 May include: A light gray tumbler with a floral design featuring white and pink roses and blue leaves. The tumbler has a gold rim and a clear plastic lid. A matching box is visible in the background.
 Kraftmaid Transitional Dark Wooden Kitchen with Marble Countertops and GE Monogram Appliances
* * *
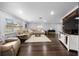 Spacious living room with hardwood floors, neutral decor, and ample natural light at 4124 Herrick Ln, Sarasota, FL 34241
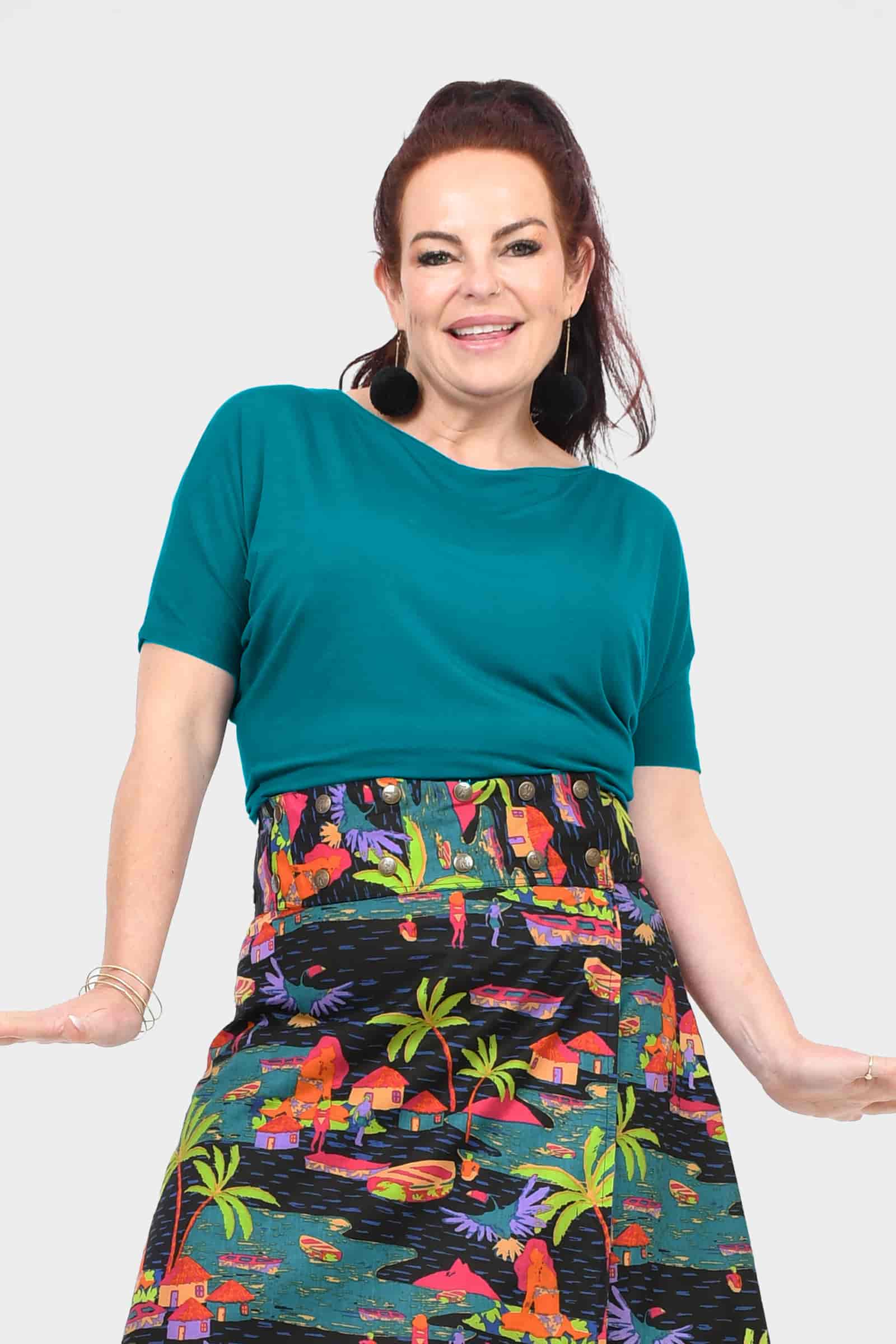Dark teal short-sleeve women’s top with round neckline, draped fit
* * *
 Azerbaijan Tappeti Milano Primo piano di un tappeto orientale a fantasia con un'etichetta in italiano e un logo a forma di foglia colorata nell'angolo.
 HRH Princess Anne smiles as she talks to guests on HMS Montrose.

◆ Exercise directions: Out of the records above, set down only the lines from the one that contains "Spacious living room" through the one that contains "Dark teal short-sleeve", unchanged and without the pictures.

◆ Reply to the exercise:
 Spacious living room with hardwood floors, neutral decor, and ample natural light at 4124 Herrick Ln, Sarasota, FL 34241
Dark teal short-sleeve women’s top with round neckline, draped fit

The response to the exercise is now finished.